Wouldn't a raid by police (at least if they have a warrant) be "authorized access" because they are law enforcement?

At the very least, they could trigger the kill switch when the raid first happens, but once it has been verified it is the police, the kill switch should be disengaged so they have full access.


>the kill switch should be disengaged so they have full access.

Only when you’re legally obligated to do so, which is probably often not the case.


If the police comes knocking on your door with a warrant, aren't you legally obliged to do as they say? I thought that was the entire point of a warrant.


If the warrant is to search your premises, you may not be obligated to decrypt your servers that automatically shut off on unauthorized entry.

Generally, but not always, a separate court order would be required to force you to decrypt your servers.


If the data is on the premise, how would the warrant not include being able to look at the data?

That's like saying a warrant wouldn't include data found in a safe, and that would require a second warrant.

Now, if the data is remote, I'd understand it I guess. But if the kill switch simply burns the local data so only remote copies are still there, that kind of defeats the purpose of the raid in the first place.


The warrant lets law enforcement look for and seize things. It doesn't necessarily compel the target of the search to perform an action. Normally you would oblige the officers since otherwise they would just cut open your locks, but with encryption, that's probably not an available alternative.

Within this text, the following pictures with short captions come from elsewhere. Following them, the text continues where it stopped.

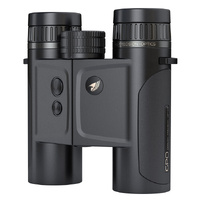 Gpo Rangeguide 3000 Bx711 Binoculars 10x32 Laser 3000m Range
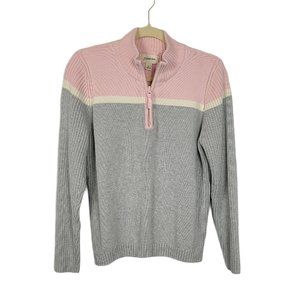 St John's Bay Women's Pullover Sweater Size XL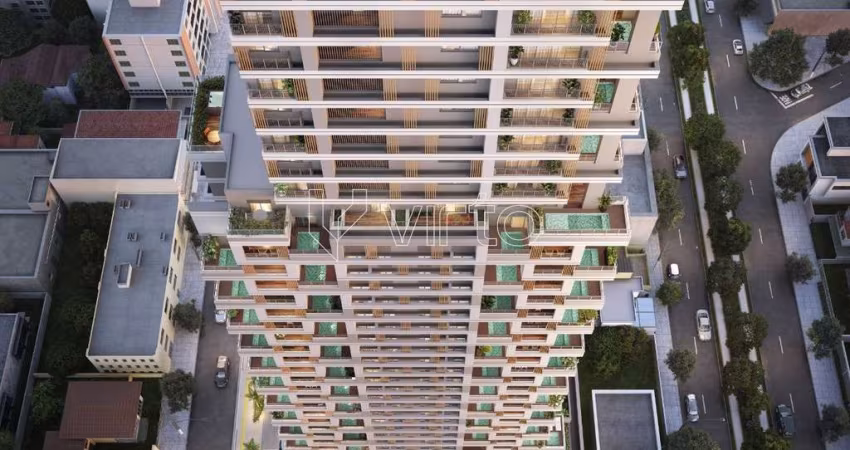 Apartamento com 3 quartos à venda na 1122, 1, Setor Marista, Goiânia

Afaik, courts are undecided on whether you can be compelled to decrypt your own data.

Corporations are held to different standards though. They are often required to share information about themselves with the government, are constantly involved with discovery processes, and generally have different expectations of privacy.


A search warrant will generally not compel you to open doors for law enforcement, it simply authorizes them to kick your door in.


Did they use it?


But very easy to get in and shit them down by triggering it.


For most companies, the data is more important than the service uptime.

Think about it... Would you prefer your Gmail to be down for a few hours, or for Moscow/Beijing to get a copy of all your sent/received emails cos they dumped them from Google's servers in the country?


I think they're suggesting a scenario where your Gmail is regularly down.